L'ancien médecin est jugé pour 30 empoisonnements, dont 12 mortels. Il est, en effet, accusé d'avoir volontairement pollué des poches de solutés ou de paracétamol utilisées lors d'opérations, provoquant l'arrêt cardiaque des patients dans deux cliniques privées de Besançon entre 2008 et 2017.

Les victimes, âgées de 4 à 89 ans, étaient opérées pour des interventions bénignes ; aucune explication médicale n'a été trouvée à leurs arrêts cardiaques.

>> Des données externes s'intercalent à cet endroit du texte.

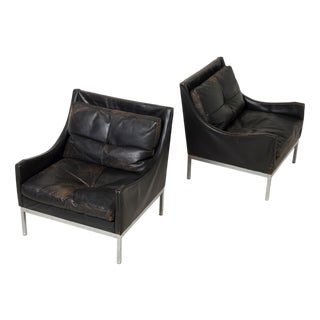 Mid-Century Lounge Chairs in Chrome and Patinated Leather, Germany, 1960s, Set of 2 For Sale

Le docteur Péchier n'avait pas la charge de ces patients, à l'exception d'un seul cas. Mais le parquet de Besançon et les enquêteurs affirment qu'un "faisceau d'éléments concordants" démontre l'implication du médecin. Seul praticien employé à la clinique Saint-Vincent et à la Polyclinique de Franche-Comté au moment des arrêts cardiaques suspects, il est le "dénominateur commun" entre tous les cas, selon eux.

  • Sept ans d'instruction :

L'enquête préliminaire a débuté en janvier 2017 lorsque la direction de la clinique Saint-Vincent a alerté le parquet qu'une patiente de 36 ans avait fait un arrêt cardiaque suspect lors d'une opération. Les poches de solutés utilisées ont alors été analysées ; l'une d'elles contenait environ 100 fois la dose de potassium attendue.

Quelques jours plus tard, c'est un autre patient âgé de 70 ans – le seul dont Frédéric Péchier avait directement la charge - qui a à son tour fait un arrêt cardiaque sur la table d'opération, alors que les enquêteurs de la police judiciaire de Besançon se trouvaient dans l'établissement. Pour Frédéric Péchier, c'est justement la preuve qu'il a été visé par un acte malveillant. Les enquêteurs soupçonnent au contraire l'anesthésiste d'avoir sciemment empoisonné son propre patient au lendemain de l'ouverture de l'enquête afin de se forger un alibi.

En mars 2017, l'ex-anesthésiste a donc été mis en examen et placé sous contrôle judiciaire. La justice l'a autorisé en 2023 à exercer sous conditions son métier de médecin tant qu'il n'entre pas en contact avec des malades, mais il n'exerce plus depuis 2017, selon l'AFP.

  • 3 mois et demi de procès :

Le verdict du procès qui s'ouvre ce lundi est attendu pour le 19 décembre. Ces trois mois et demi d'audiences devront permettre de statuer sur la culpabilité ou non de Frédéric Péchier, qui a toujours clamé son innocence. L'ancien praticien attribue, lui, les différents incidents à des erreurs médicales de ses collègues, qu'il juge incompétents.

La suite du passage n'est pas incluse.